Under the agreement, Capita Insurance Services Limited bought an insurance broker, Sureterm Direct Limited, from Mr Andrew Wood and others.
Shortly after completion, Sureterm found that some of its customers had paid substantially more for their insurance than they had originally been quoted. It reported itself to the Financial Services Authority, which found that the customers would have to be compensated.
Capita claimed the cost of compensation from Mr Wood under an indemnity in the share purchase agreement, which read as follows:
‘The Sellers undertake to pay to the Buyer an amount equal to the amount which would be required to indemnify the Buyer and each member of the Buyer’s Group against all actions, proceedings, losses, claims, damages, costs, charges, expenses and liabilities suffered or incurred, and all fines, compensation or remedial action or payments imposed on or required to be made by the Company following and arising out of claims or complaints registered with the FSA, the Financial Services Ombudsman or any other Authority against the Company, the Sellers or any Relevant Person and which relate to the period prior to the Completion Date pertaining to any mis-selling or suspected mis-selling of any insurance or insurance related product or service.’

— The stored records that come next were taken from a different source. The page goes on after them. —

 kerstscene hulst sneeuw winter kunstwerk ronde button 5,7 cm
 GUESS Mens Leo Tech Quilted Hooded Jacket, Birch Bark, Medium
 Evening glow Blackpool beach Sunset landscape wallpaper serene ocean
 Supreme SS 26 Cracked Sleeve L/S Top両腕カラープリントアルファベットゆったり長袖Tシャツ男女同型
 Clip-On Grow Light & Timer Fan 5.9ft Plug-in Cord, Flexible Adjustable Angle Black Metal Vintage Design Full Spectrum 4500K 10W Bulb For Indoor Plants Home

The High Court found for Capita, but its judgment was reversed by the Court of Appeal, and the Supreme Court agreed, finding for Mr Wood.
Describing the clause as ‘opaque’, Lord Hodge held that, to be covered by the indemnity, any loss had to arise out of a claim or complaint registered with the FSA. If the reference to claims or complaints registered with the FSA applied only to fines, compensation and remedial action or payments, as Capita had argued, it would serve no purpose, since fines, compensation and remedial action or payments were already included in the broader description of losses earlier in the clause. Sureterm’s losses were not covered by the indemnity, since it had reported itself to the FSA; no claims or complaints were made against it.
Lord Hodge also considered the broader context of the clause. The agreement included warranties, which were drafted more widely than the indemnity but were time-limited; any claim under warranty had to be made within two years. In that context, it made sense to construe the indemnity narrowly.
Explaining his approach, Lord Hodge described contractual interpretation as ‘a unitary exercise’ in which both business common sense and the drafting of the clause in question should be considered; ‘each suggested interpretation is checked against the provisions of the contract and its commercial consequences are investigated’.
This case illustrates the difficulties that arise from poor drafting: in negotiating agreements, the parties should ensure, as far as possible, that the wording agreed reflects their intended meaning clearly.